While VHF/UHF is arguably more useful...the real “magic” of amateur radio for me has always been a voice from afar.

My conviction is that HF has better promise of keeping the interest of new hams than VHF/UHF overall, were new hams to be guided and mentored effectively, and in a fun way, into HF operating.

I think this perspective fails to reflect both the history of radio since the 1950s and, more significantly, the recent development of consumer communications with the internet and wireless telephone services.

When many of us became hams, in the decades immediately following WWII, there was little, if any, TV, and radio
was the major communication medium for most people. Listening to broadcast AM and FM radio was more interesting because of local programming, some of it of very high quality. Shortwave broadcast radio was exceedingly attractive to a teenager who was curious about the world beyond the borders of the US.

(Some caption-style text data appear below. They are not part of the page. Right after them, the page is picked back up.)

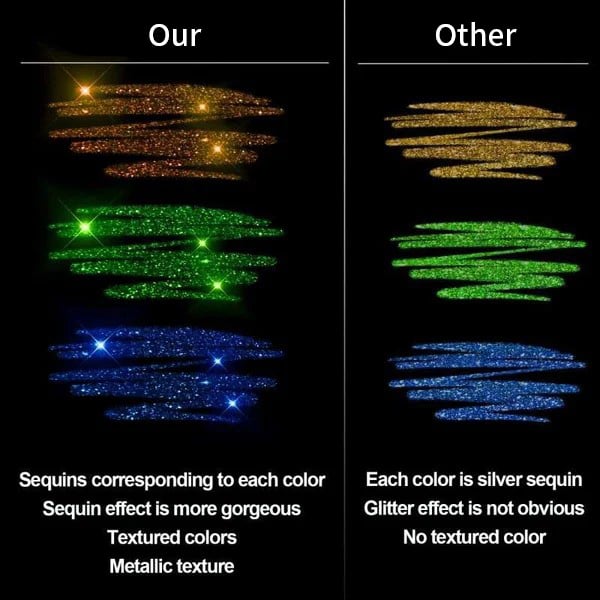Set de Stylos Gel Pailletés Biodégradables - 8/12/18 Couleurs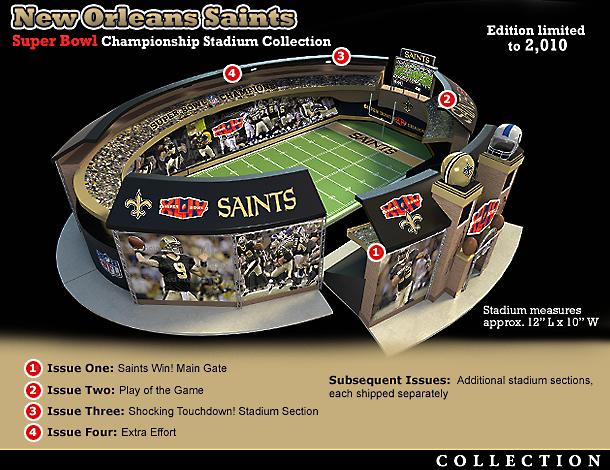 New Orleans Saints stadium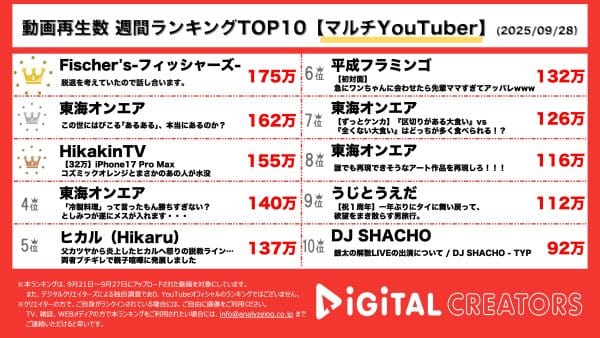 週間マルチYouTuber動画再生回数ランキングを発表！フィッシャーズ、メンバーが脱退！？チャンネル史上最高記録を突破！進撃のノア、オープンマリッジについて本音を語る！東海オンエア、飲み会あるある、本当にあるの⁇ヒカキン、iPhone17 Pro Max開封‼はじめしゃちょーへの結婚祝いサプライズも‼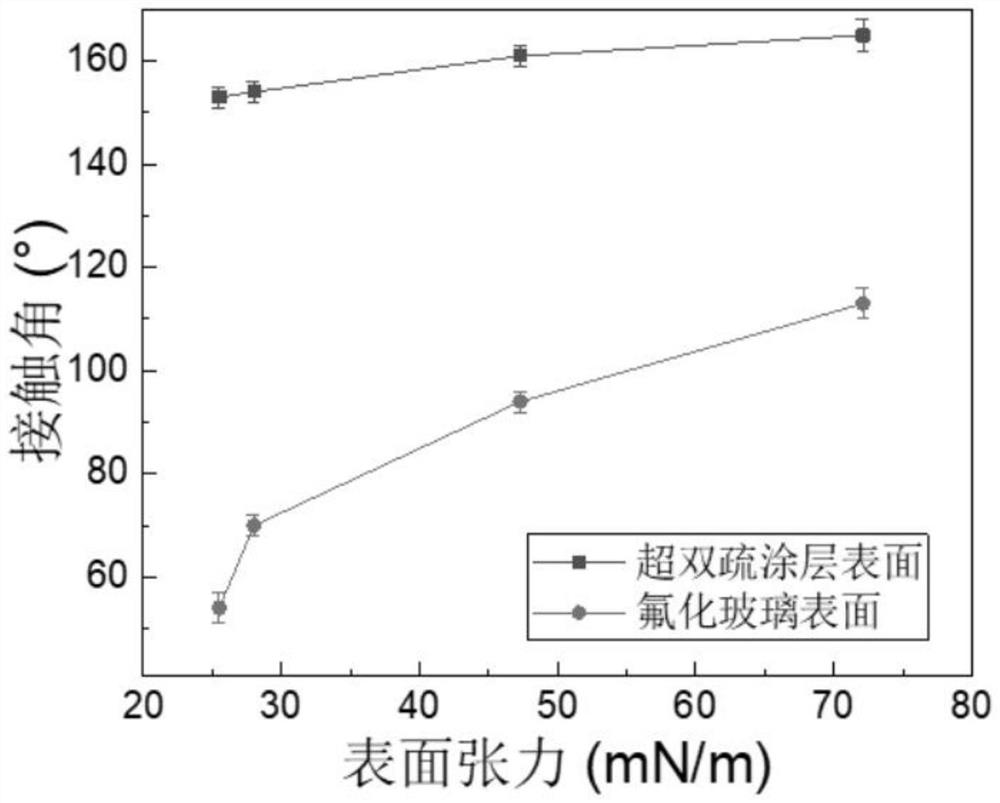 A kind of preparation method of transparent super-amphiphobic material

The Technician license, when it was first available, came at a time when there was far less knowledge and use of VHF/UHF frequencies, especially among amateurs. Not at all like today.

Today's youngsters, I think, are highly unlikely to find HF communication "fun". Twitter, Facebook and Youtube
are likely today's alternatives to listening to the shortwave broadcasts of yesterday.

The marketing and the future of ham radio are certainly difficult challenges. I think the attractions to today's
intelligent young people are our connections to basic science and thoughtful experimentation, technical communication expertise and provision of emergency communications if and when the internet and wireless phone networks go down, and possible interest in the history of RF science and early RF communication history.